Main Data Structures of Dictionaries

Overall, Redis's dictionary uses hash tables as the underlying implementation. A dictionary contains multiple hash table nodes, in which key-value pairs are stored. Specific structure, from bottom to top, is defined as follows

typedef struct dictEntry {
    void *key;
    union {
        void *val;
        uint64_t u64;
        int64_t s64;
        double d;
    } v;
    struct dictEntry *next;
} dictEntry;

typedef struct dictType {
    uint64_t (*hashFunction)(const void *key);
    void *(*keyDup)(void *privdata, const void *key);
    void *(*valDup)(void *privdata, const void *obj);
    int (*keyCompare)(void *privdata, const void *key1, const void *key2);
    void (*keyDestructor)(void *privdata, void *key);
    void (*valDestructor)(void *privdata, void *obj);
} dictType;

/* This is our hash table structure. Every dictionary has two of this as we
 * implement incremental rehashing, for the old to the new table. */
typedef struct dictht {
    dictEntry **table;
    unsigned long size;
    unsigned long sizemask;
    unsigned long used;
} dictht;

typedef struct dict {
    dictType *type;
    void *privdata;
    dictht ht[2];
    long rehashidx; /* rehashing not in progress if rehashidx == -1 */
    unsigned long iterators; /* number of iterators currently running */
} dict;

typedef struct dictIterator {
    dict *d;
    long index;
    int table, safe;
    dictEntry *entry, *nextEntry;
    /* unsafe iterator fingerprint for misuse detection. */
    long long fingerprint;
} dictIterator;
  • dictEntry actually defines a data structure for storing key-value pairs. It contains a void pointer that can be converted to any type of pointer for storing key values. The v attribute can be a pointer, a 64-bit integer or a double-precision floating-point number. next pointer points to another hash table node. When the key value conflicts, the nodes with the same key value can form a linked list.

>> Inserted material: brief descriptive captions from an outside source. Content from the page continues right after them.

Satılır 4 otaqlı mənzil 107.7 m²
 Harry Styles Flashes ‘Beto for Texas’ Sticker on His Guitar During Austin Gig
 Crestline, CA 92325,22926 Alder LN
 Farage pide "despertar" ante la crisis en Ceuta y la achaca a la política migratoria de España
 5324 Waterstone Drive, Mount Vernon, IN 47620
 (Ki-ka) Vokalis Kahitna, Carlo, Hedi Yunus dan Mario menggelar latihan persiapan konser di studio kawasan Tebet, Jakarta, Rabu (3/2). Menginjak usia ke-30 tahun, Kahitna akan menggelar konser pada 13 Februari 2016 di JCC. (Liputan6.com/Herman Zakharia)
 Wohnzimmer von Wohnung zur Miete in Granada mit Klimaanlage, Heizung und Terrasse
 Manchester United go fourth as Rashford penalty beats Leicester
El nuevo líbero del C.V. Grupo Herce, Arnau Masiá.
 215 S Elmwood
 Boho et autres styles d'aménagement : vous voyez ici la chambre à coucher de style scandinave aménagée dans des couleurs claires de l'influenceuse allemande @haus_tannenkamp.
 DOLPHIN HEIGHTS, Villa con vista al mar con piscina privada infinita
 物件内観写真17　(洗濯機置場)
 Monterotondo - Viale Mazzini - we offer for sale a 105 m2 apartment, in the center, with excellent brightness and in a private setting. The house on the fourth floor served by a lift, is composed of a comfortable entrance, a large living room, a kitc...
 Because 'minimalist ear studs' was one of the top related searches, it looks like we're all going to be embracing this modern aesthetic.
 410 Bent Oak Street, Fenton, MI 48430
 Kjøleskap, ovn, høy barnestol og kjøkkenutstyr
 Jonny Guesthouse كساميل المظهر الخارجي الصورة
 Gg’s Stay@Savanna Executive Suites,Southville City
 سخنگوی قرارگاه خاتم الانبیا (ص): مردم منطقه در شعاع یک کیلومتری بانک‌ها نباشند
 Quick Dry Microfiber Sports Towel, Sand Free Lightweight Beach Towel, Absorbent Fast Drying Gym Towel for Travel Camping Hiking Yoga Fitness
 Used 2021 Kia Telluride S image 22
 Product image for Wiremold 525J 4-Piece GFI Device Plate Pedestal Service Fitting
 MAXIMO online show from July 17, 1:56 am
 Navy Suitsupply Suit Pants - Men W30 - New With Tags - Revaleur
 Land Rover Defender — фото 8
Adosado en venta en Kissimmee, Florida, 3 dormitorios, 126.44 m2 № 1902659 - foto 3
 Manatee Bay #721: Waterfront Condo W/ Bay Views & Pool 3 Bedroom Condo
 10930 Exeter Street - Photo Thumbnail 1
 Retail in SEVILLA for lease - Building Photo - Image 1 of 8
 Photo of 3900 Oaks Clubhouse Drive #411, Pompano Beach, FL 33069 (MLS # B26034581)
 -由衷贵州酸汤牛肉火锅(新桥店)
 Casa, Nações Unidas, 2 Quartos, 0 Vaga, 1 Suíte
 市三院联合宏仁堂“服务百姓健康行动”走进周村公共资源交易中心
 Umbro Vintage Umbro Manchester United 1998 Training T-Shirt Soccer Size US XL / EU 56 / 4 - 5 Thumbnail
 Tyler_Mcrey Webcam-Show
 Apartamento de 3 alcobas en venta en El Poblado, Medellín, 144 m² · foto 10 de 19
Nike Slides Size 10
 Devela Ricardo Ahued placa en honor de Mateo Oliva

  • The data structure dictType stores attributes related to a particular dictionary, i.e. function pointers that handle key values.

  • dictht data structure defines the structure of hash table

    • dictEntry **table: Points to a set of hash nodes
    • Size: The size of the hash table
    • sizemask: A mask, always equal to size-1, is used to calculate the position of the key with the hash value.
    • Used: Represents the number of currently used
  • dict is the dictionary structure

    • type: A function that points to a dictType pointer and stores processing keys
    • privdata: Used by functions in type
    • ht[2]: Each dictionary structure contains two hash tables for rehashing, one new table and one old table.
    • Rehashidx: The index in the rehash process can represent the current progress, and -1 represents that it has not started yet.
    • Iterators represent the number of iterators currently running

Creating dictionaries and hashing algorithms

Create dictionary

Several functions related to dictionary creation are as follows: allocating space to dict, passing in dictType and privData parameters, and initializing the values in the structure in turn.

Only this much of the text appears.